Monday, April 11, 2005

An Avowed Cynic Has Second Thoughts

Another Conference Update:

Recap: Day 1 - morning. Good, encouraging, didn't really walk away with a whole lot, but I was encouraged. Day 1 - evening. I was put off by the approach used to discuss postmodernisim, and in fact went this evening comnemplating what I could write further on that topic. I was ill prepared for what would soon waylay me.

Tonight's topic was one I have heard before, from the passage to the application. I was fully prepared to sit and flip through the same points, and move on. The sermon was on Peter getting out of the boat to come to Jesus as he walked on the water.

I must admit, my faith is not where it once was. Beset by disappointment and failure in seemingly every path I try, I have consciously tried to push hope from my mind. Hope in things promised in scripture, like eternal life maybe. But hope in my seemingly unspiritual struggles... hope truly seemed just another four-letter word for dream-waiting-to-be-crushed.

I have had hopes. But I remember where I was the day the woman I had thought was meant for me revealed within earshot (though she had not told me) that she was dating someone, and I remember where I was when I heard she was engaged, and I remember where it was the day she got married. I have never been one to regard relationships with women lightly, which may be why I have never dated - because I do not want to start something when I have reason to think I would not have the desire to culminate it. So losing a close friendship with someone who really knew me was a great loss. I have had other interests, each disappointment piling up with no successes to keep my interest up.

It is in this mindset that my pastor once encouraged (one may say coerced) me to call a girl I was interested in and invite her to something, in this case a movie night. Despite mountains of fear, I actually did it, though I may I have sounded out of breath as I think my heart had stopped some 5 minutes before. "Why are you calling?" Any flimsy leg I had to stand on broke. I vaguely remember explaining the reason (excuse?) that the pastor had given me to call with, inviting her to the movie night as an "oh, by the way..." The exact worsing of her reply slips through my memory, but I do remember "I'm really busy" being in there somewhere. Come the night of the movie, she must have been far too busy to come out. Hope fails. Cynicism is strengthened.

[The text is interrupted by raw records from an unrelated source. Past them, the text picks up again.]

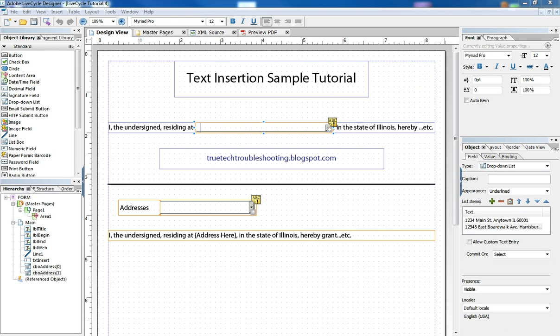Hi, Nathan here again with another Adobe LiveCycle tutorial. In today's tutorial we're going to look at the right way and the wrong way to do text insertion into a form.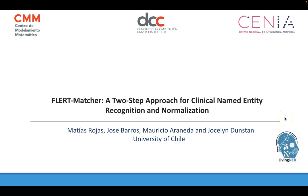Hello everyone, I'm Matias Rojas, and on behalf of my collaborators, I will present to you our system proposed for the LiveNER shared task, which is FLERT-Matcher, a two-step approach for clinical named entity recognition and normalization.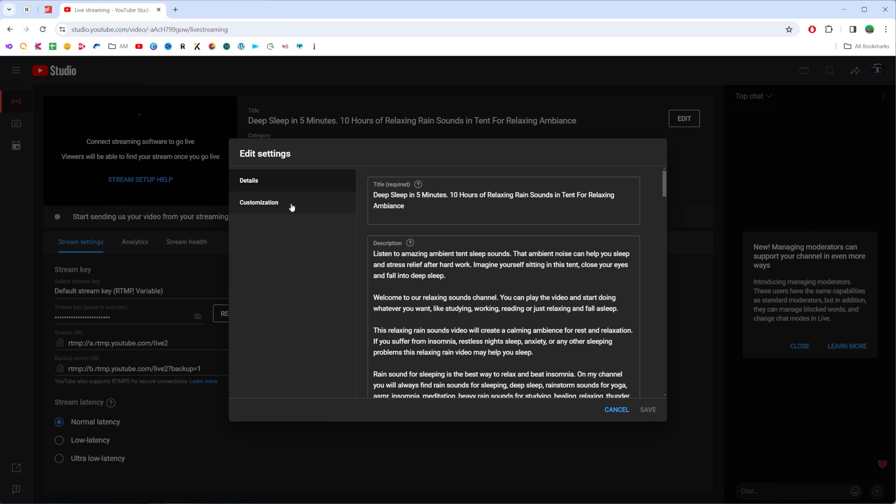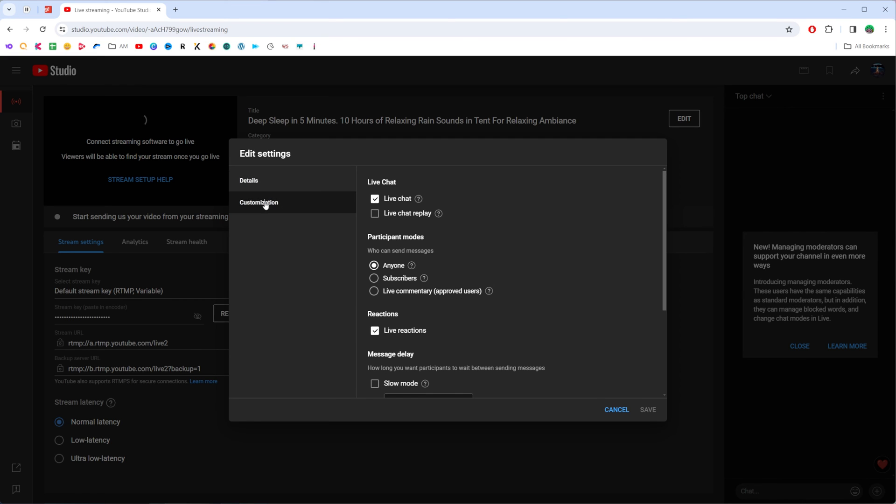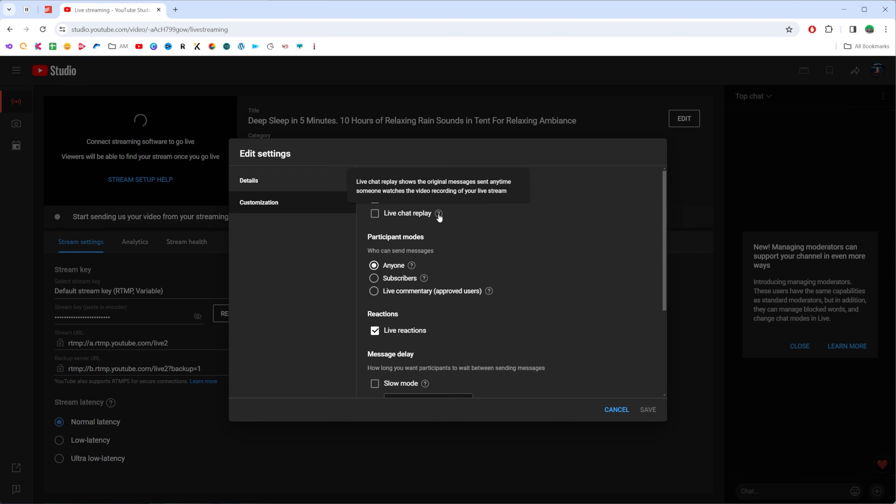That's where we can easily find customization and in here ensure that live chat is enabled. Also down below you can find the live chat replay feature. It allows live chat to replay the original messages sent anytime someone watches the video recording of your live stream.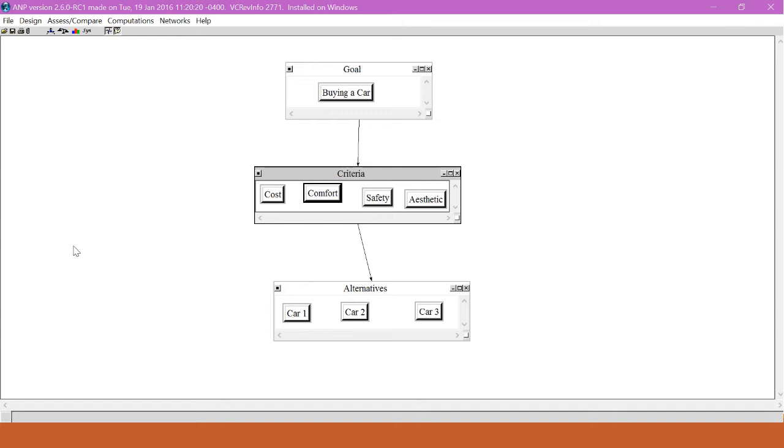We will do this by looking at the direct comparison between each of the criteria if we had made all of the weights the same.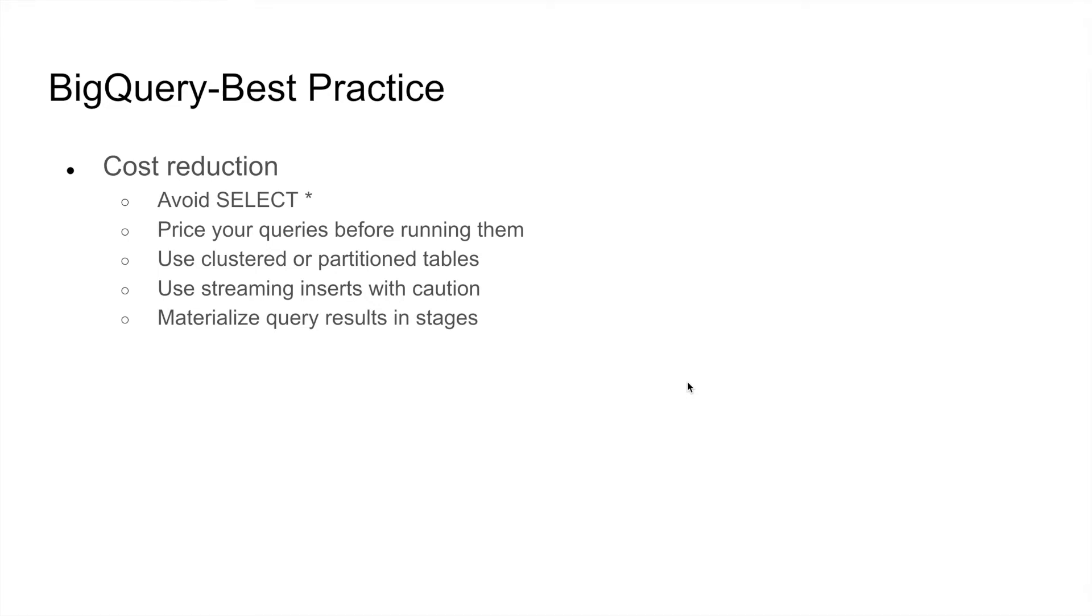Hello all. Welcome back to week three, Data Warehouse and BigQuery. In today's lecture, we are going to talk about BigQuery best practices.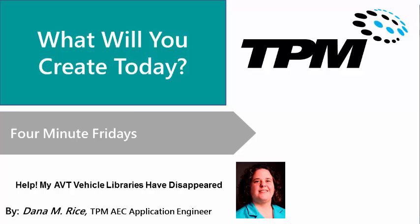Good afternoon and welcome to the TPM 4 Minute Friday where we show you tips and techniques that will help your everyday tasks.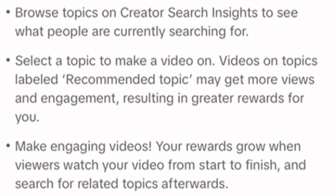You need to make sure that you select a topic — a recommended topic — which can get you more views and more engagement. And you also need to make sure that your video is actually solving somebody's problem.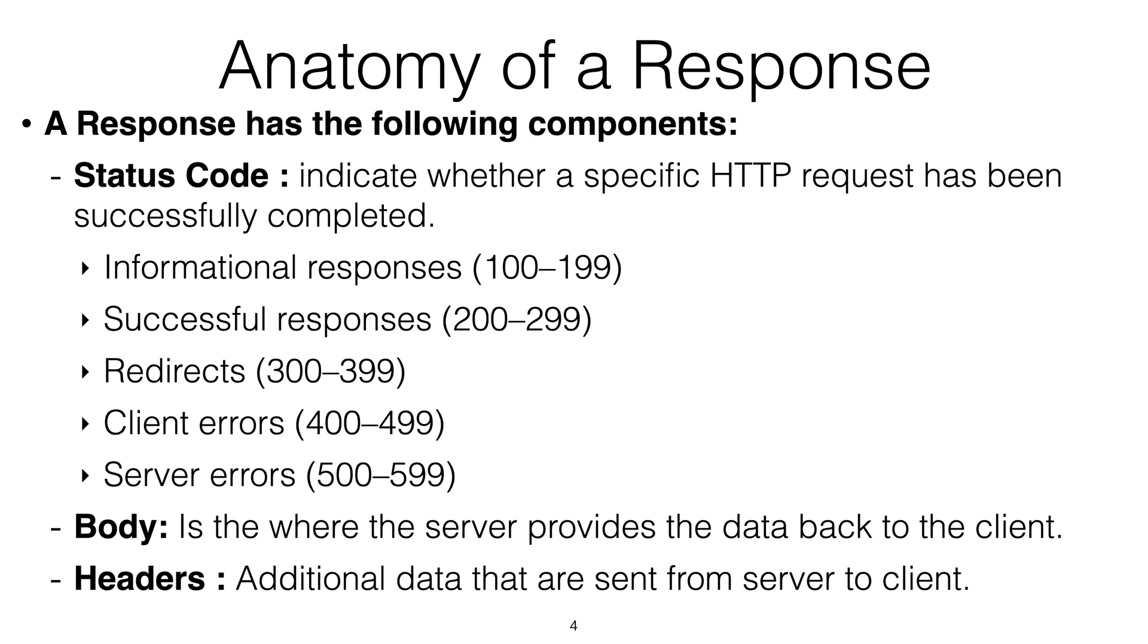Basically, the client—for example, the mobile app—creates a request. It gets sent to the server. The server receives the request, parses the body, parses the parameters, tries to figure out what you're trying to do. And then it could, for example, query the database to get you a list of contacts. And then it sends back a response, which has the data that you requested.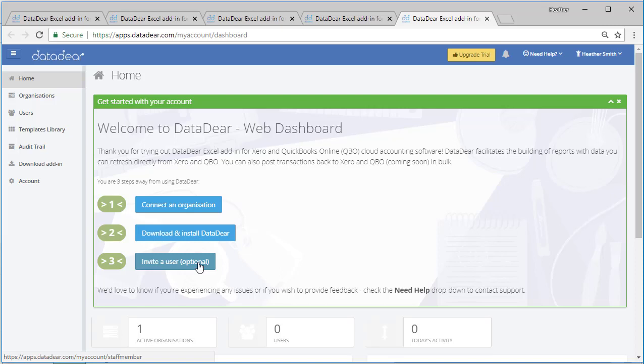So what I've done is I've logged in, registered, signed up for a trial of DataDeer, and I've installed the add-in into Microsoft Excel. You can see that was really, really easy. You can also see that I was able to add a Xero organization very quickly. From start to finish, you could do that probably in about eight to ten minutes. Thank you for watching.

Insert any romantic cliche you want, it probably aptly describes how I feel when I see her. Lights flashing, heart stopping, incoherence boiling over - that's me. So, naturally, I avert my eyes and walk quickly past when the situation forces me to be around her, and squeeze out the most coherent words I can should actually have to talk to her. Experience has told me that my affection is a bad thing that hurts the people with whom I share it. Faith? Faith deals with other things, and only touches this area of my life in principle. Trying to accept the 'fact' that perhaps the only reason God allows these desires to remain is like Paul's thorn in the flesh - to keep him humble. And I was bound and determined to bow my head in subjection, wandering through life alone, fighting against the strongest desires I have and in direct opposition to the only real dream I have. I want to be married, and to have children. Not an outlandish dream to some, but to me something seemingly so far out of my reach as travel to distant galaxies, almost beyond the realm of even hypothetical thought.

Until tonight.

Why did the sermon affect me? Because of small points that touched real life in a way that high minded theology will not. He gave examples of people living under fear, and mentioned a guy thinking "I could never ask her out." He mentioned his dream of flying in a jet being fufilled - in no stretch of the imagination a spiritual thing. And for the first time in longer than I can remember, I really felt like the message could be divinely lmeant for me.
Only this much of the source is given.